債務整理をすることで、信用情報に記録が残り、新たなクレジットカード等の審査が通りにくくなります。しかしそれは、直ちにすべてのクレジットカードが使えなくなるわけではありません。状況や手続に応じて、クレジットカードが使える場合もあります。
もちろん債務整理をするような状況で新たにクレジットカードを使用することは、弁護士としてはおすすめはできませんが、インターネット上での通販サイトの利用や、航空券予約に際してクレジットカードが必須であるケースなど、やむを得ない場合もあるかと思います。
任意整理の場合には、整理するカードの対象を選べるので、対象外のクレジットカードはそのまま使用できます。もっとも、各業者は信用情報の調査を定期的に行っており、カードが更新できなかったり使用の停止措置が取られることがあるようです。
「ようです」というのは、実際にそのようなことをするかどうかは各業者の判断なので、確実ではないからです。実際は使用し続けることができる場合が多そうです。

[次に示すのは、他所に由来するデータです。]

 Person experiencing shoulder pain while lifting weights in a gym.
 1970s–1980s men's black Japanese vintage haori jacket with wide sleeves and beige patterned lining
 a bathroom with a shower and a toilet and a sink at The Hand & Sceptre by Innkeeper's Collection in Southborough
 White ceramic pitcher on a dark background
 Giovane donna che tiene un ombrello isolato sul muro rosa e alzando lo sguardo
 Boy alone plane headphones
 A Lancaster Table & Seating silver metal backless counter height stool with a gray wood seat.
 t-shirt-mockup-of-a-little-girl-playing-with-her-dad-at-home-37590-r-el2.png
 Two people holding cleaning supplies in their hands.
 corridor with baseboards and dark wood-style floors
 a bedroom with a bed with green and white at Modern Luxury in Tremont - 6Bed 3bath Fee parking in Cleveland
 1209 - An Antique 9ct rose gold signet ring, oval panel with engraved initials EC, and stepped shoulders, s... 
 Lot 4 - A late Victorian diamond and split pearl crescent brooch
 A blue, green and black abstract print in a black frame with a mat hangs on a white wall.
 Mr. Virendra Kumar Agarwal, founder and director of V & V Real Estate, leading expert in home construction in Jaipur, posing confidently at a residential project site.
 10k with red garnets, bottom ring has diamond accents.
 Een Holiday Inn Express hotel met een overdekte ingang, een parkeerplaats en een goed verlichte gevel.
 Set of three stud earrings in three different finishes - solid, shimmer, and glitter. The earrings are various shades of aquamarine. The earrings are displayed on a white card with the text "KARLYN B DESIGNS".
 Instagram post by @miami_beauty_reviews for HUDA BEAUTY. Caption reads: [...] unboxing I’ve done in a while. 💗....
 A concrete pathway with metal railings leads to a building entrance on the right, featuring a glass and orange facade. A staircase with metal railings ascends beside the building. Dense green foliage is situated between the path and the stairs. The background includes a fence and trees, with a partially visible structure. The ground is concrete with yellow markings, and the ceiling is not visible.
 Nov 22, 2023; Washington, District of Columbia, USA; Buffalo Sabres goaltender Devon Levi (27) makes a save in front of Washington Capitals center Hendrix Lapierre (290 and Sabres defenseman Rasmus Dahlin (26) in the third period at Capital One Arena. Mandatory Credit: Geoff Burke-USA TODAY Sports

自己破産・個人再生の場合には、完済しているクレジットカードは対象にならないので、理論上はそのまま保有が可能ですが、手続き中の使用は原則禁止で、使うと免責が得られない可能性もあります。
残高の残っているクレジットカードは、必ず整理の対象になります。なかでも完済したカードで平成20年以前からキャッシングをしている場合には、過払い金が発生している可能性があるので、申立人代理人弁護士もしくは管財人弁護士が調査を行います。
また、依頼時に完済していても、開始決定(破産または個人再生手続について裁判所が手続開始を認めた日)までに借入をした場合には、整理の対象となります。破産あるいは個人再生依頼後の借入は、場合によっては詐欺や免責不許可事由になり、手続ができなくなる可能性があるので、通常は禁止です。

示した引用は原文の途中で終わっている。